Data items
━━━━━━━━━━

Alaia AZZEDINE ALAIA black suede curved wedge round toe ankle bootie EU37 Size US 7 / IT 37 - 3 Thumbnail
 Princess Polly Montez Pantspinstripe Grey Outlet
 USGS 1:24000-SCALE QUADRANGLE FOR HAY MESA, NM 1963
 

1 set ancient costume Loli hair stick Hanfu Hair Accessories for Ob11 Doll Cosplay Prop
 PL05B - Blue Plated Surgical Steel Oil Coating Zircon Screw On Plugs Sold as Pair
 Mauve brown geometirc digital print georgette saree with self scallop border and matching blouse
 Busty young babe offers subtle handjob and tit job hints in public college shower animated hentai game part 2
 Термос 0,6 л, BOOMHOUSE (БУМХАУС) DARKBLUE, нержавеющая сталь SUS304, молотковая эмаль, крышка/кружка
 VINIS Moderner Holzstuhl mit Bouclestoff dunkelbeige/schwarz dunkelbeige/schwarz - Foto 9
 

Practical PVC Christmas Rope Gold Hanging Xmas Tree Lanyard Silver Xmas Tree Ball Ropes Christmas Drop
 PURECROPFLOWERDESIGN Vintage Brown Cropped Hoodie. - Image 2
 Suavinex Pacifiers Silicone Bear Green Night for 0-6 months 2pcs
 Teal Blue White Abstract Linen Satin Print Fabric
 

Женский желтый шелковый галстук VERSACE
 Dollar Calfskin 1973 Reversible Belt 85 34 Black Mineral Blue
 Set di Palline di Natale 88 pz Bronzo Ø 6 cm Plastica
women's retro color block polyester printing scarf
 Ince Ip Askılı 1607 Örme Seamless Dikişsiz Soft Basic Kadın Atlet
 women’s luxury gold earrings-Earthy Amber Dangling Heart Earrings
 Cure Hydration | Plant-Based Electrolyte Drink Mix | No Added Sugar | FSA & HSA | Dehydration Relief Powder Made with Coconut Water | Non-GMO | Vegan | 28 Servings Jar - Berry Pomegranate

━━━━━━━━━━

- _Exercise requirements_
Collect each line above holding the string "with".

- _Exercise answer_
 Mauve brown geometirc digital print georgette saree with self scallop border and matching blouse
 Cure Hydration | Plant-Based Electrolyte Drink Mix | No Added Sugar | FSA & HSA | Dehydration Relief Powder Made with Coconut Water | Non-GMO | Vegan | 28 Servings Jar - Berry Pomegranate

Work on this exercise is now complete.